Vita
Bala
Balachandran, the J.L. Kellogg Distinguished Professor
of Accounting Information and Management, was awarded the
Padma Shri award for literature and education in January by
Indian president K.R. Narayanan.
In May,
Jeanne Brett, the DeWitt W. Buchanan, Jr., Distinguished
Professor of Dispute Resolution and Organizations, received
the Kellogg Faculty Choice Award. In June, she received a
distinguished alumni award from the Institute of Labor and
Industrial Relations at the University of Illinois.
In April,
Daniel Diermeier, the IBM Professor of Regulation and
Competitive Practice, won the Robert H. Duerr Award for Best
Paper Applying Quantitative Methods to Substantive Problem
for co-authoring "A Behavioral Model of Turnout." He was also
awarded a Best Teacher award from Kellogg for 2001 and from
the Kellogg-WHU International Executive Master's Program.
Recent publications include "Government Turnover in Parliamentary
Democracies" (co-authored with Antonio Merlo) in the Journal
of Economic Theory, "Cabinet Terminations and Critical
Events" (with Randy Stevenson) in American Political Science
Review, and "Information and Congressional Hearings" (with
Timothy J. Feddersen) in the American Journal of Political
Science. Diermeier was also named acting director for
the Ford Motor Company Center for Global Citizenship.
Associate
Professor of Management and Strategy Shane Greenstein
was appointed to an advisory committee for the U.S. Census
Bureau.
Ranjay
Gulati, associate professor of management and organizations,
has been named the Michael Ludwig Nemmers Associate Professor
of Technology and E-Commerce.
Since
January, Professor of Public Management Donald Haider has
served on U.S. Secretary of Defense Donald Rumsfeld's Financial
Management Reform Task Force.

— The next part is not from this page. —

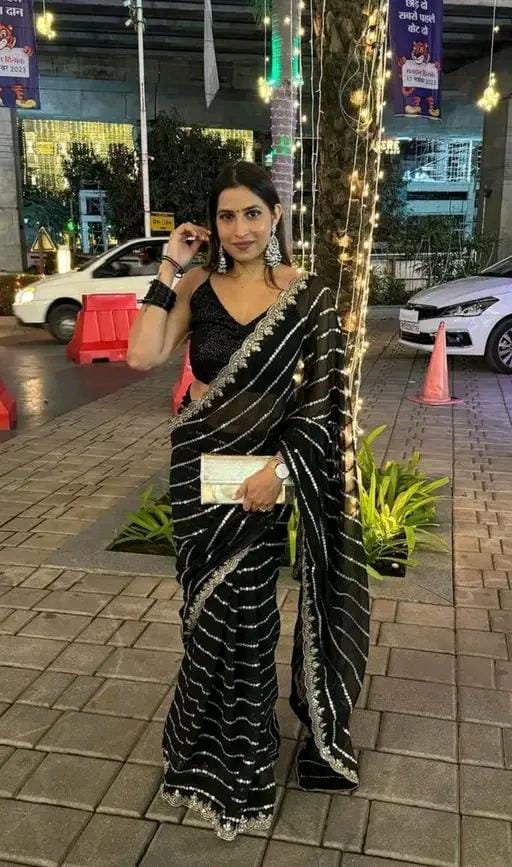 PARTY WEAR GEORGETTE SEQUENCE WORK SAREE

The recommendations of the five-person
team are being circulated throughout the Department of Defense
for possible congressional consideration.
In March,
Philip Kotler, S.C. Johnson & Son Distinguished Professor
of International Marketing, received an honorary doctorate
degree from Budapest University of Economic Science and Public
Management.
Assistant
Professor of Marketing Robert V. Kozinets has published
several recent articles. "Desert Pilgrim" appeared in the
April issue of Consumption, Markets and Culture. "Utopian
Enterprise: Articulating the Meaning of Star Trek's
Culture of Consumption" appeared in the June issue of Journal
of Consumer Research. "Hometown Ideology and Retailer
Legitimation: The Institutional Semiotics of Wal-Mart Flyers"

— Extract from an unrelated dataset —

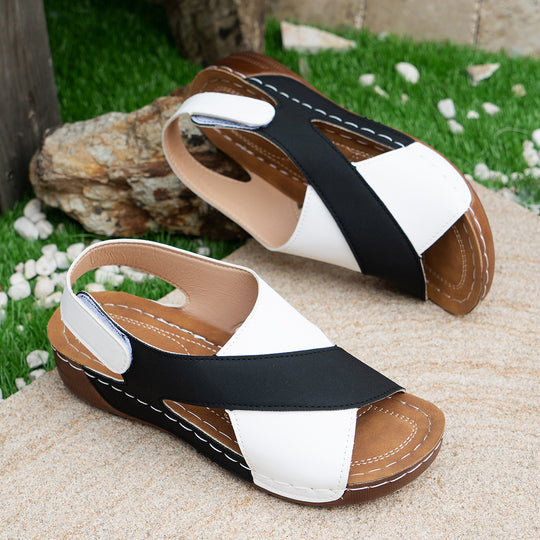 Damen Bequeme Sandalen mit geflochtenem Riemen und bequemem Fußbett R&B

(co-authored with Stephen J. Arnold and Jay M. Handelman)
was published in the Journal of Retailing, 77 (2),
243-271. "Being in The Zone: Staging Retail Theater at ESPN
Zone Chicago" (co-authored with John F. Sherry, Diana Storm,
Adam Duhachek, Krittinee Nuttavuthisit and Benét DeBerry-Spence)
will be published in the August issue of the Journal of
Contemporary Ethnography.
Mark
McCareins, adjunct professor of business law, has been
named vice-chair of the American Bar Association's Antitrust
Section on Programs.
David
M. Messick, the Morris and Alice Kaplan Professor of Ethics
and Decision in Management, published a book titled Social
Influences on Ethical Behavior in Organizations (Lawrence
Erlbaum).
Joseph
L. Pagliari Jr., adjunct professor of real estate finance,
has co-authored "Twenty Years of the NCREIF Property Index"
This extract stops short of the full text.